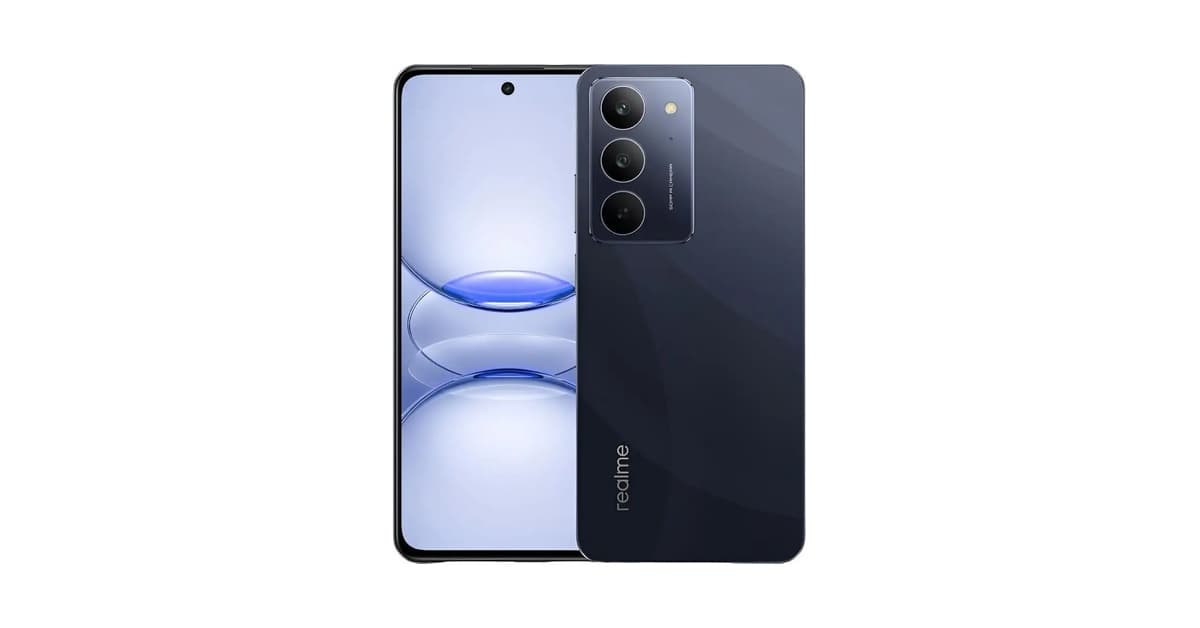 Melhor Celular À Prova de Água: 7 Modelos com IP68 e IP69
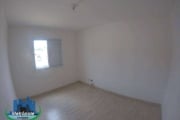 Apartamento, 62 m² - venda por R$ 290.000,00 ou aluguel por R$ 2.000,01/mês - Vila Rio de Janeiro - Guarulhos/SP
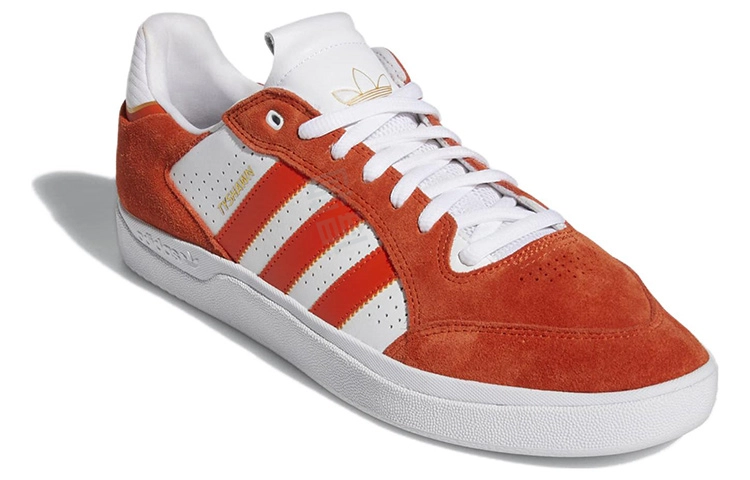 adidas originals Tyshawn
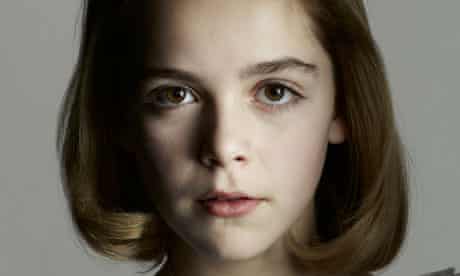 Mad Men Season Five Episode Four Mad Men The Guardian Mad Men Season Five Episode Four Mad Men The Guardian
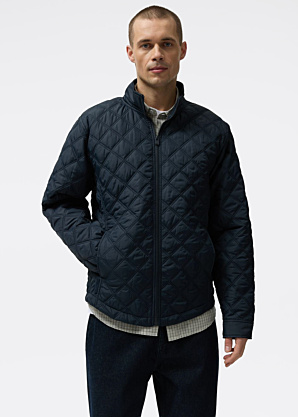 Diverse pavasara-rudens virsjaka Reneru 261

EXERCISE DESCRIPTION:
Copy out all the data without changing anything, and drop the pictures.

OUTPUT OF THE EXERCISE:
 Melhor Celular À Prova de Água: 7 Modelos com IP68 e IP69
 Apartamento, 62 m² - venda por R$ 290.000,00 ou aluguel por R$ 2.000,01/mês - Vila Rio de Janeiro - Guarulhos/SP
 adidas originals Tyshawn
 Mad Men Season Five Episode Four Mad Men The Guardian Mad Men Season Five Episode Four Mad Men The Guardian
 Diverse pavasara-rudens virsjaka Reneru 261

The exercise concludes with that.